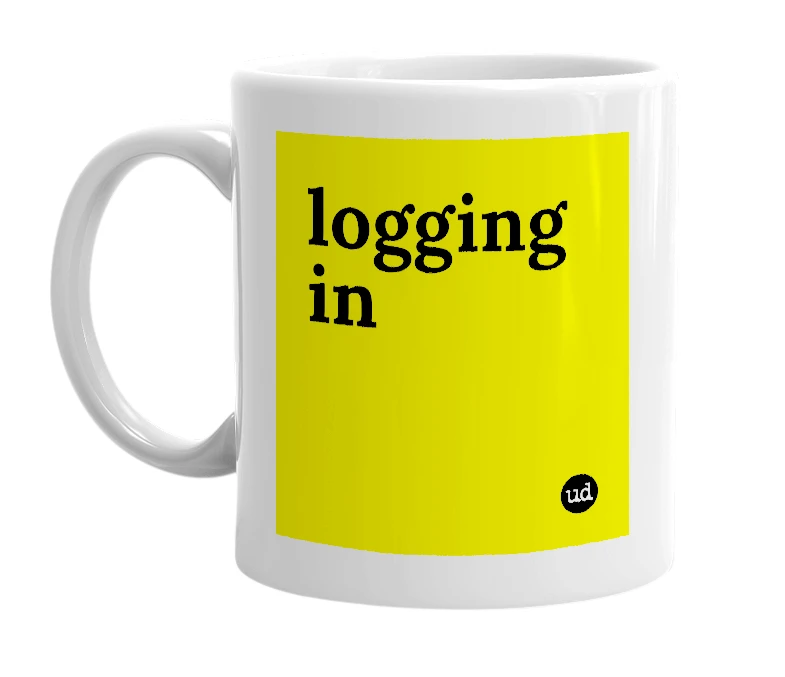 White mug with 'logging in' in bold black letters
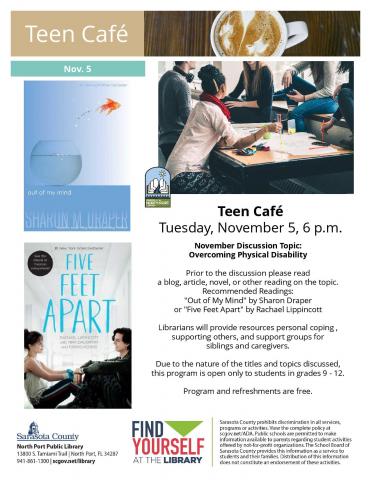 Teen Café Tuesday, November 5, 6 p.m. November Discussion Topic: Overcoming Physical Disability Prior to the discussion please read a blog, article, novel, or other reading on the topic. Recommended Readings: "Out of My Mind" by Sharon Draper or "Five Feet Apart" by Rachael Lippincott Librarians will provide resources personal coping , supporting others, and support groups for siblings and caregivers. Due to the nature of the titles and topics discussed, this program is open only to students in grades 9 - 1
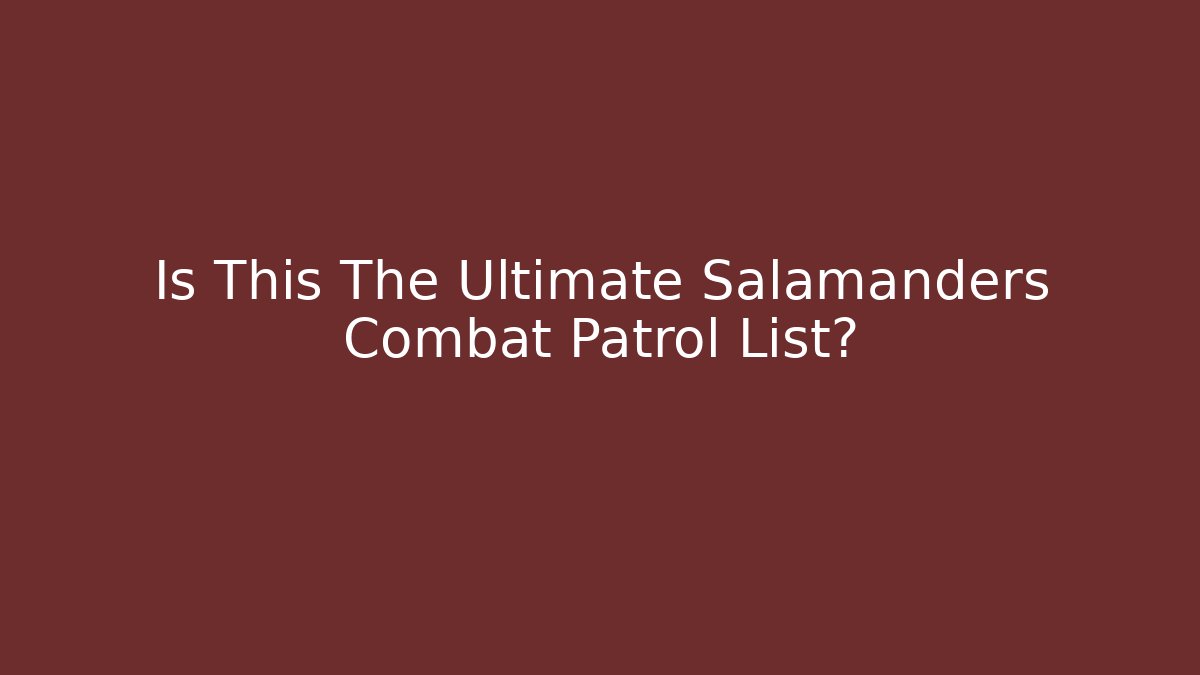Is This The Ultimate Salamanders Combat Patrol List?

**Exercise directions:** Leave out the pictures and repeat the remaining data exactly.

**Answer to the problem:**
 White mug with 'logging in' in bold black letters
 Teen Café Tuesday, November 5, 6 p.m. November Discussion Topic: Overcoming Physical Disability Prior to the discussion please read a blog, article, novel, or other reading on the topic. Recommended Readings: "Out of My Mind" by Sharon Draper or "Five Feet Apart" by Rachael Lippincott Librarians will provide resources personal coping , supporting others, and support groups for siblings and caregivers. Due to the nature of the titles and topics discussed, this program is open only to students in grades 9 - 1
Is This The Ultimate Salamanders Combat Patrol List?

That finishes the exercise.